Olivier Terwagne

PRÉSENTATION
Je m'appelle Olivier Terwagne, je suis musicien, auteur, compositeur et interprète. Je suis né à Chimay et j'ai grandi en partie à Couvin et en partie à Chimay. Amoureux de mon terroir, j'en explore les différents recoins, en interroge les énigmes et tente d'y faire rayonner la vie culturelle en lien charnel avec le patrimoine et la beauté de la nature. J'ai étudié l'histoire et la philosophie.
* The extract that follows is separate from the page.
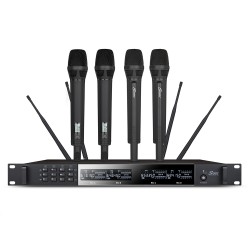 סט של 4 מיקרופונים אלחוטיים -SEER IU-2070-IL X4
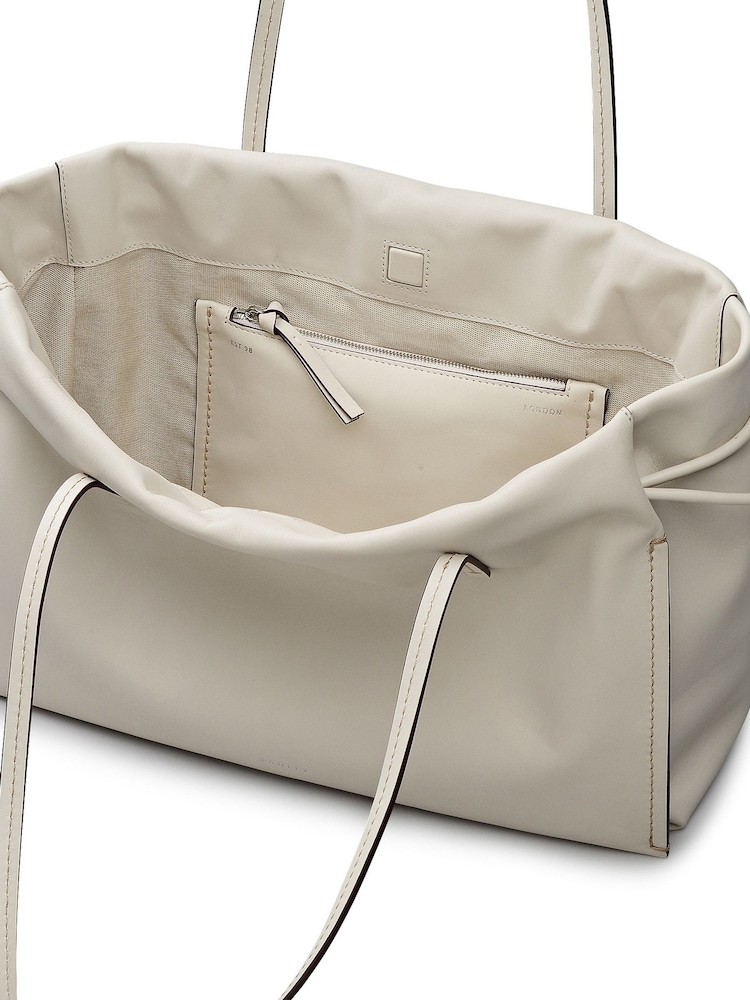 Radley White The Roxburgh Large Drawstring Shoulder Bag - Image 7 of 7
Sans cesse travaillé par ces questions d'histoire (politique, artistique,philosophique...), de mémoire(s), d'enseignement des sciences humaines, je tente de saisir, éprouver, mesurer, décrypter, penser le temps long à l'heure du temps court de façon à le sublimer.

BIBLIOGRAPHIE


NOS EXPERTS EN PARLENT
Le Carnet et les Instants

Olivier Terwagne a retrouvé le journal de Constance dans une maison inoccupée de Chimay et tente, dans cet ouvrage, d’assembler des fragments pour nous livrer des traces de vie de la jeune fille. L’historien ne nous donne pas à lire ici un témoignage lisse, structuré et exhaustif de l’héroïne. Il est en effet « difficile […] de lancer un avis de recherche pour retrouver une femme qui “n’existe pas” ». C’est donc à travers des aphorismes, des photos, des contes, des lettres et de nombreux poèmes que nous découvrirons les morceaux de vie de cette jeune femme un peu paumée. Amoureuse d’un Kiriakos grec passionné d’hellénisme, qui a accessoirement une femme et trois enfants, Constance nous fait part de ses questionnements…


Le Carnet et les Instants

« il pleuvait des ficelles, les cordes étaient en rupture de stock… / le voyage commençait sur des chapeaux de roues crevées… / je demande au taximan de sélectionner “ailleurs” dans le gps ; option “trajet le plus long”, téléphone en mode “avion” ». C’est ainsi qu’Olivier Terwagne se rend Momentanément absent, et prend la tangente des (jeux de) mots, assume le parti de queuedepoissonner la syntaxe, traverse les chemins des sonorités et des échos. Bien que parlant le mort, le nord, le morse, le russe, l’absence, lapsus, muet, sous-titre et silence, c’est dans un français entortillé de libertés qu’il s’exprime. Au fil de ses cinquante-cinq Récits d’un temps volatile, sa langue s’alambique et s’aplatit, se décline…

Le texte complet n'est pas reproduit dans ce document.